_Given entries_

++++

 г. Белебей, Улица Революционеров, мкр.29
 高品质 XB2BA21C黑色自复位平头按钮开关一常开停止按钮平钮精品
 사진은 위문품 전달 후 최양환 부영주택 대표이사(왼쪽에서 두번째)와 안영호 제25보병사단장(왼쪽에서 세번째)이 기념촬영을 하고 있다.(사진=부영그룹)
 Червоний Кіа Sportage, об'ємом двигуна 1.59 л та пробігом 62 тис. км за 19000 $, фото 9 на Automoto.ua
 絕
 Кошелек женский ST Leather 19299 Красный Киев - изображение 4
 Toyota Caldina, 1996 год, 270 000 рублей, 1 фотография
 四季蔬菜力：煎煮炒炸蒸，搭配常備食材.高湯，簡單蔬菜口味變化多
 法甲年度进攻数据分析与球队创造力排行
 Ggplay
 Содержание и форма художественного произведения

++++

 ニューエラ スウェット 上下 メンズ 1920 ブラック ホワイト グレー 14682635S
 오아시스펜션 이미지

++++

_Work task_
From the material above, retype precisely the lines between the line holding "г. Белебей, Улица Революционеров, мкр.29" and the line holding "Содержание и форма", inclusive, and nothing beyond them.

_Answer to the problem_
 г. Белебей, Улица Революционеров, мкр.29
 高品质 XB2BA21C黑色自复位平头按钮开关一常开停止按钮平钮精品
 사진은 위문품 전달 후 최양환 부영주택 대표이사(왼쪽에서 두번째)와 안영호 제25보병사단장(왼쪽에서 세번째)이 기념촬영을 하고 있다.(사진=부영그룹)
 Червоний Кіа Sportage, об'ємом двигуна 1.59 л та пробігом 62 тис. км за 19000 $, фото 9 на Automoto.ua
 絕
 Кошелек женский ST Leather 19299 Красный Киев - изображение 4
 Toyota Caldina, 1996 год, 270 000 рублей, 1 фотография
 四季蔬菜力：煎煮炒炸蒸，搭配常備食材.高湯，簡單蔬菜口味變化多
 法甲年度进攻数据分析与球队创造力排行
 Ggplay
 Содержание и форма художественного произведения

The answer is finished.